**PROBLEM TO SOLVE**:
Provide a verbatim copy of all the records below, leaving the images out.

[[ TASK MATERIAL, beginning ]]

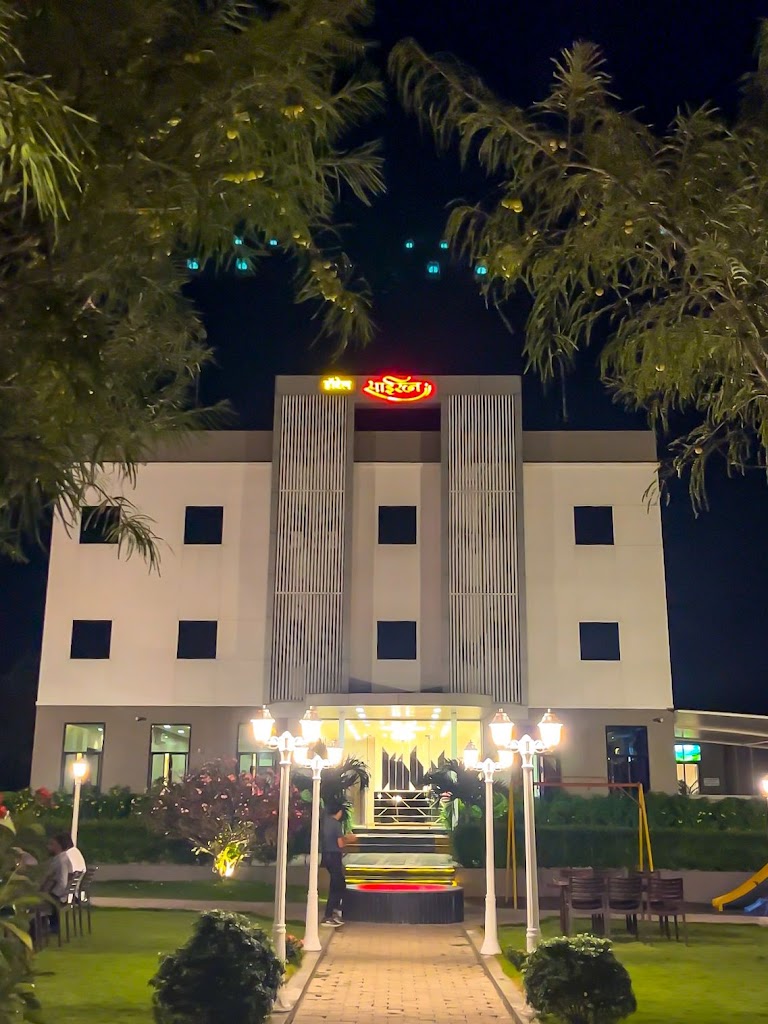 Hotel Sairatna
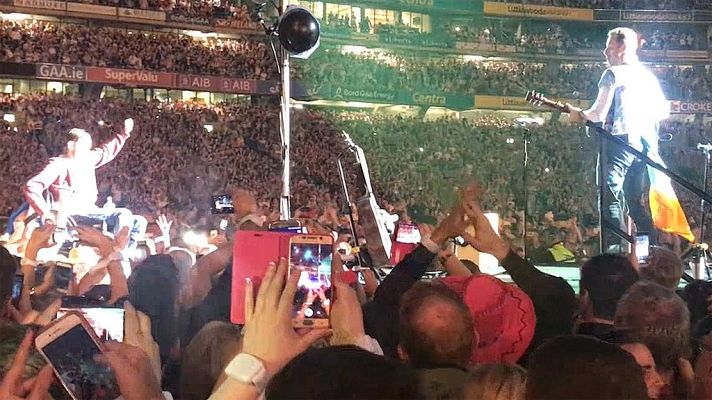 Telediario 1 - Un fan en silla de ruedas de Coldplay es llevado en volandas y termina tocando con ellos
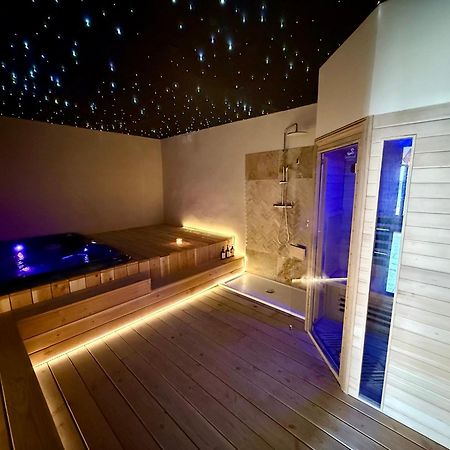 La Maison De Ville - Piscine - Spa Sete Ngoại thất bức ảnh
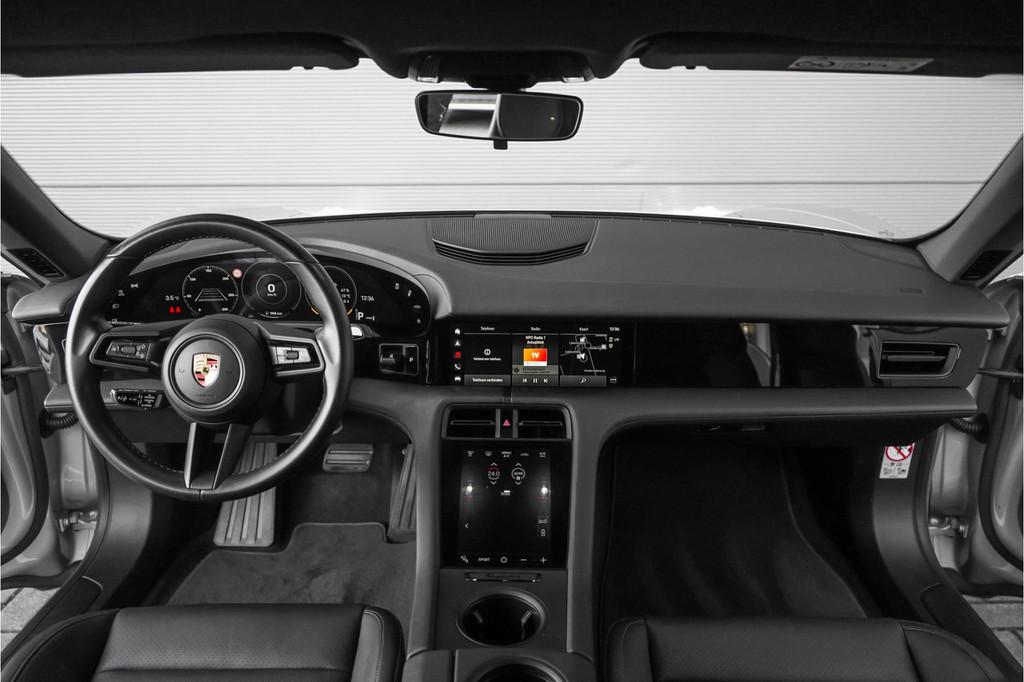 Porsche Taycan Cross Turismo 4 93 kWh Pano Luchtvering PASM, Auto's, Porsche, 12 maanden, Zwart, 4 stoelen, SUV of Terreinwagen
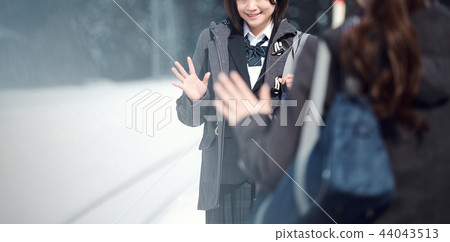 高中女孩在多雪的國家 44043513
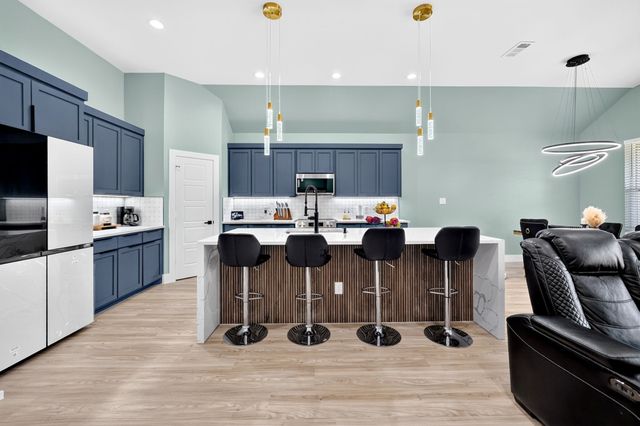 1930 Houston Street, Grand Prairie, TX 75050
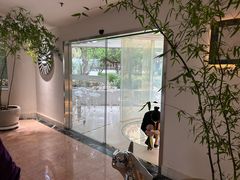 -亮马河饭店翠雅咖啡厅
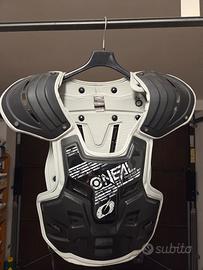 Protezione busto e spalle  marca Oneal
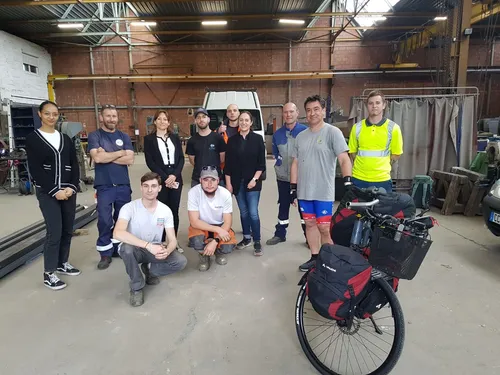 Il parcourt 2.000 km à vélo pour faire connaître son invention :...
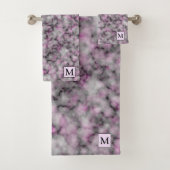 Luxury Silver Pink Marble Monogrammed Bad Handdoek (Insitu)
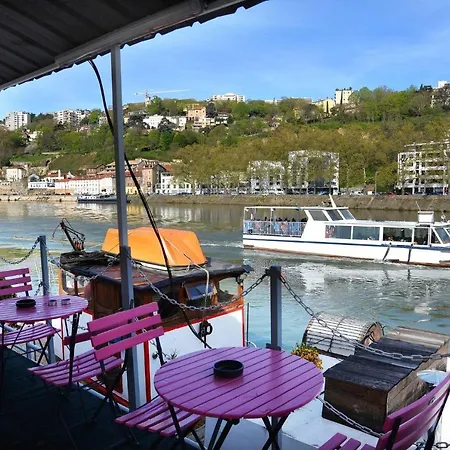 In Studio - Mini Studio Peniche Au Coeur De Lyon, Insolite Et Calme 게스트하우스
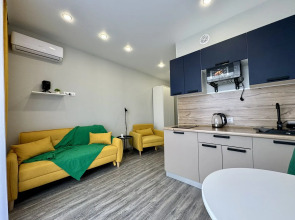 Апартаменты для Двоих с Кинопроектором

[[ TASK MATERIAL, end ]]

**WRITTEN RESPONSE**:
 Hotel Sairatna
 Telediario 1 - Un fan en silla de ruedas de Coldplay es llevado en volandas y termina tocando con ellos
 La Maison De Ville - Piscine - Spa Sete Ngoại thất bức ảnh
 Porsche Taycan Cross Turismo 4 93 kWh Pano Luchtvering PASM, Auto's, Porsche, 12 maanden, Zwart, 4 stoelen, SUV of Terreinwagen
 高中女孩在多雪的國家 44043513
 1930 Houston Street, Grand Prairie, TX 75050
 -亮马河饭店翠雅咖啡厅
 Protezione busto e spalle  marca Oneal
 Il parcourt 2.000 km à vélo pour faire connaître son invention :...
 Luxury Silver Pink Marble Monogrammed Bad Handdoek (Insitu)
 In Studio - Mini Studio Peniche Au Coeur De Lyon, Insolite Et Calme 게스트하우스
 Апартаменты для Двоих с Кинопроектором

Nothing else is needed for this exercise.